Why the CCRC is the right body to look at this
The CCRC’s role is to identify whether evidence not before the jury, which a reasonable Court of Appeal might treat as significant, now exists. The specialist obstetric evidence that would contextualise the indicted babies’ antenatal histories is exactly that class of material. See our CCRC explainer.
Meeting Prof. Richard Gill
Hawkins’s letter grew out of months of correspondence and eventual in-person discussion with Prof. Richard Gill, the Leiden statistician who was instrumental in the Dutch Supreme Court’s exoneration of Lucia de Berk. Gill’s position is that the Letby case is a structural copy of the de Berk case at the level of statistical methodology. Hawkins’s position is that, additionally, the medical-specialist methodology was wrong: you cannot adequately review a cohort of twin-pregnancy babies without calling the specialists who actually manage twin pregnancies.
The bereaved-family voice in the conviction-safety debate
One of the structural features of the post-conviction critique is that bereaved parents have not spoken with a single voice. The narrative that questioning the convictions ‘hurts the families’ collapses when the actual record of named bereaved-family statements is examined. Multiple named bereaved parents have publicly questioned the conviction safety. The twin-mother letter sits in that tradition: a documented family voice from inside the indictment cohort declining to endorse the prosecution’s framing of what happened to their child.

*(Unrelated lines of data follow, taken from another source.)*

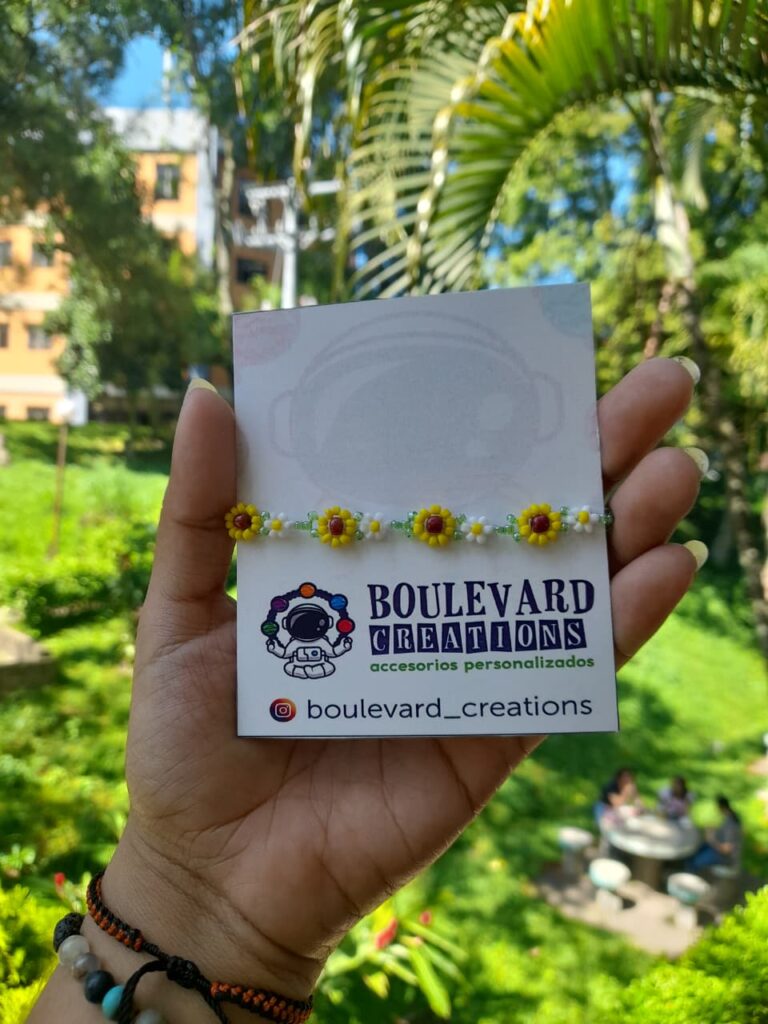 Pulseras de girasoles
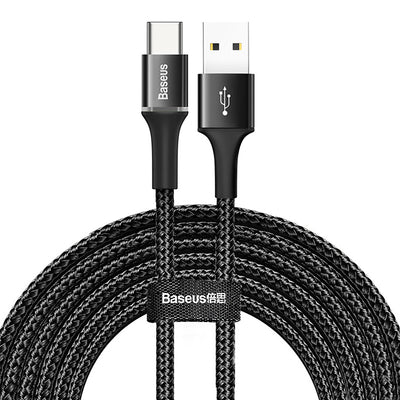 Baseus Halo USB-A - USB-C 2A Cable 3m - Black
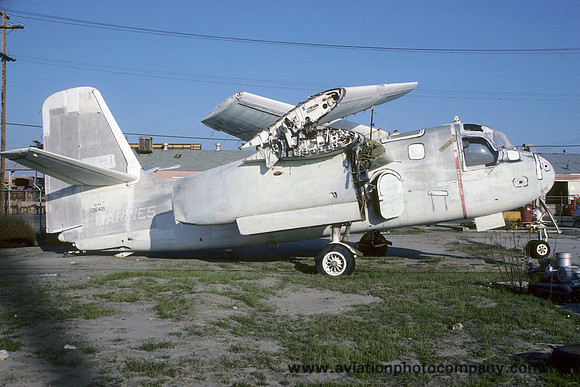 US Marines Iwakuni Grumman US-2B Tracker 136421 stored at Hemet (1991)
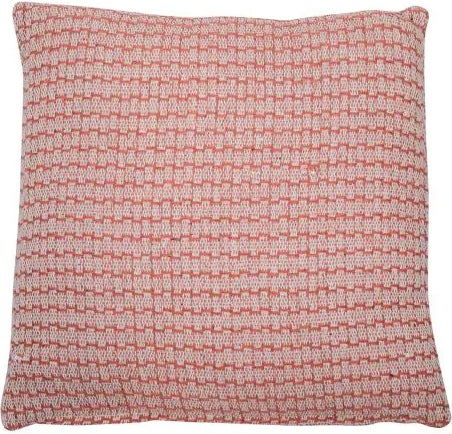 Linen & More sierkussen River rood 45 x 45 cm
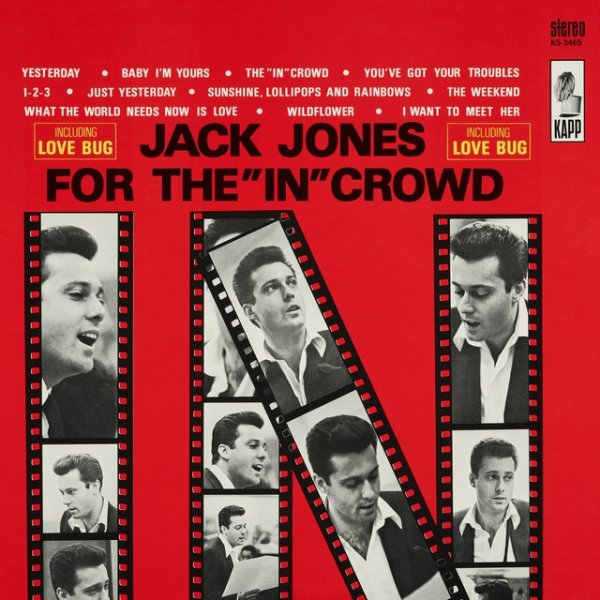 Album Jack Jones - For The "In" Crowd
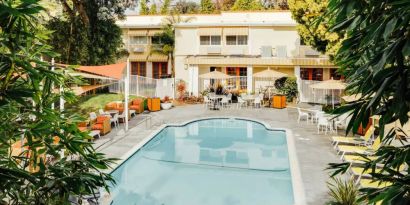 Refreshing outdoor pool at Wild Palms Hotel.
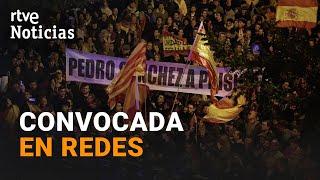 PROTESTAS en la SEDE del PSOE en contra de los PACTOS de INVESTIDURA y la LEY de AMNISTÍA  RTVE [upl. by Mauralia752]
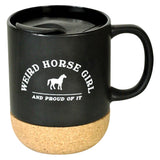 Tasse de fille de cheval bizarre équestre épicée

The implications for the conviction-safety question are direct. The Crown’s institutional position has been that the convictions serve the bereaved families’ interests in seeing justice done. A documented family voice contesting that framing changes the rhetorical structure of the institutional response to the post-conviction critique. The Sarah Hawkins / Richard Gill research on the twin-pregnancy referral-pattern question is institutionally backed in part by this kind of family engagement.
What the letter contributes to the evidential picture
The twin-mother letter is not new medical evidence; the Panel’s case-by-case findings are. What the letter contributes is rhetorical legitimacy for the wider critique. A bereaved parent within the indictment cohort calling for review establishes that the conviction-safety question is not external to the families but is being raised from within the affected community.
Read in the wider context
The letter sits alongside the Hawkins/Gill triplet-cohort research, the Panel’s case-by-case findings on the twin and triplet cases (Babies A and B; E and F; O, P and Q), and the wider Liverpool Women’s Hospital referral-pattern question. Together these constitute the twin-and-multiples-cohort evidence line in the post-conviction critique — one of the strongest structural lines in the CCRC application.